The Justice Department’s brief also resurrects the claim
that Virginia lacks standing to bring the litigation in the first
place. Essentially, this argument holds that the Old Dominion has
failed to demonstrate that it has been or will imminently be harmed
by Obamacare and thus has no right to challenge the law’s
constitutionality in court. This claim has already been rejected by
Judge Hudson. Moreover, as legal scholar Bradley Joondeph
explains it, “DOJ will have to defend the constitutionality of
ACA… and who has standing only affects who will be the party
against whom DOJ is making the argument.” In other words, the “no
standing” claim against Virginia will not prevent the Supreme Court
from ruling on Obamacare in the end.
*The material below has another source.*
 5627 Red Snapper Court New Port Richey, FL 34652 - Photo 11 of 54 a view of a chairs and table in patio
Thus, there is nothing to be
gained from its exhumation but delay.
So, if Obamacare is going to wind up before the Supreme
Court sooner or later — and there is virtual unanimity among
constitutional scholars that it will — what does the
administration hope to gain from its transparent delay tactics?
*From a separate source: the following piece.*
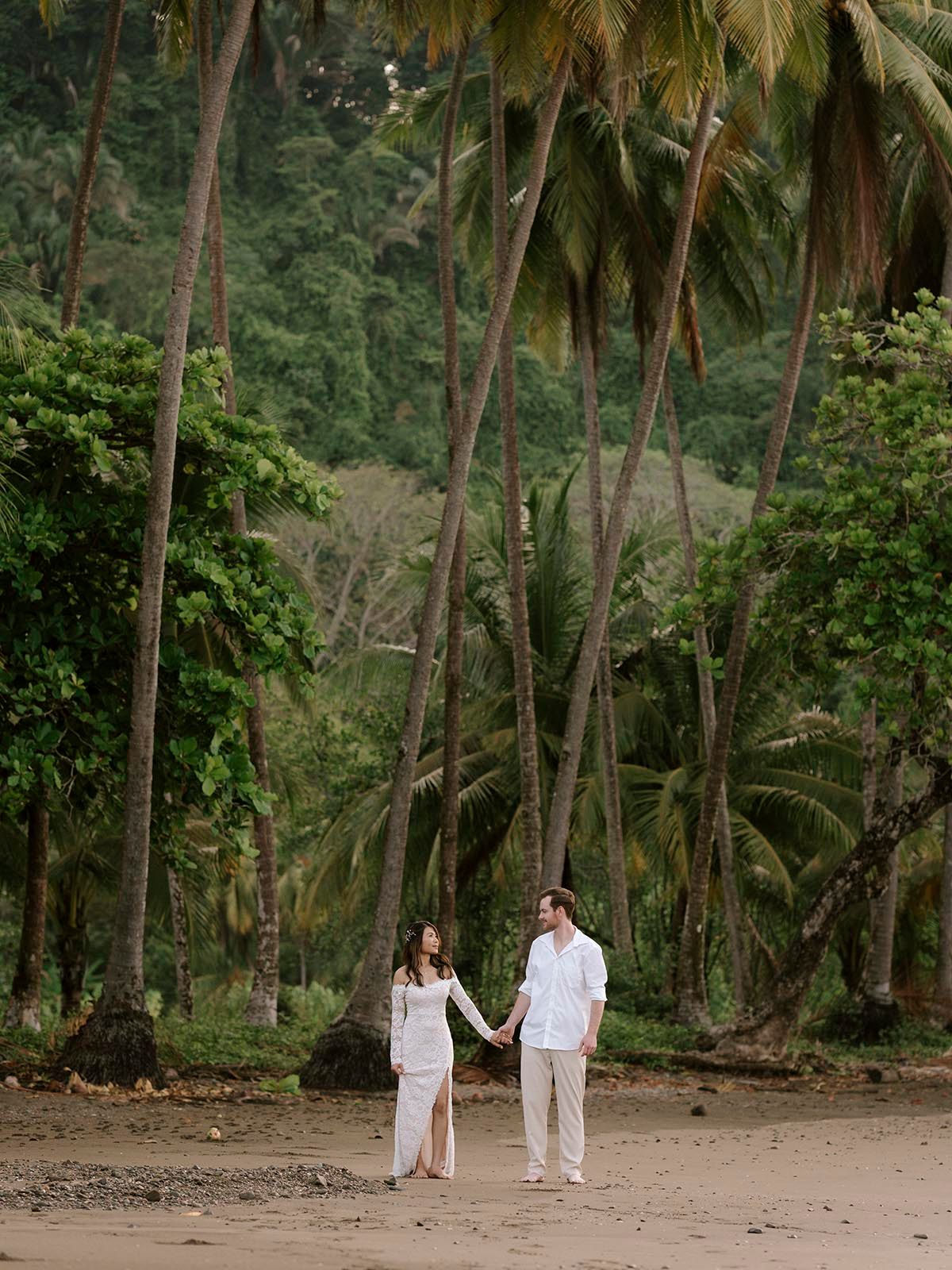 Palm tree lined beach path with two people in white clothing walking together.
First and foremost, it gives the health “reform” law time to
metastasize. If Obamacare has another year and a half to spread
throughout our health care system, the justices may well decide
that it would be too disruptive to strike down the entire law. This
consideration certainly figured in Judge Hudson’s December ruling,
in which he ignored the absence of a
severability provision in the law and chose to strike down only
the mandate. Likewise, the Supreme Court has already demonstrated
in a recent ruling on the Sarbanes-Oxley accounting law that
severability is situational.
Beyond buying time for Obamacare to put down roots, the
DOJ may be hoping to put off the day of reckoning until the
President has the opportunity to adjust the left-right balance of
the Court. At present, it doesn’t look like any of the conservative
justices are planning to retire, but Justice Scalia just turned 75
and younger men than he have unexpectedly left the Court for a
higher tribunal. In 1953, Chief Justice Fred Vinson died suddenly
at 63. This, as it happens, is the age of Clarence Thomas. Perhaps
the DOJ lawyers share the hope of columnist Julianne Malveaux, who
once wished aloud that Mrs. Thomas would feed her husband “lots of
eggs and butter and he dies early.” If so, they are likely to be
disappointed. Justice Thomas, like Scalia, appears to enjoy
stubbornly robust health.
In addition to that inconvenient reality, the DOJ received
more bad news on Wednesday afternoon. Virginia’s request for an
expedited review has been
scheduled for discussion by the justices in their April 15
conference. This does not necessarily mean the Court will grant the
petition and hear the case prior to appellate review, but it does
mean the nine most influential judges in the country will have a
serious — and private — discussion about the actual merits of the
case. If four of the justices vote in favor, the petition will be
granted and all the DOJ’s delay tactics will have been for naught.
This is a consummation devoutly to be wished.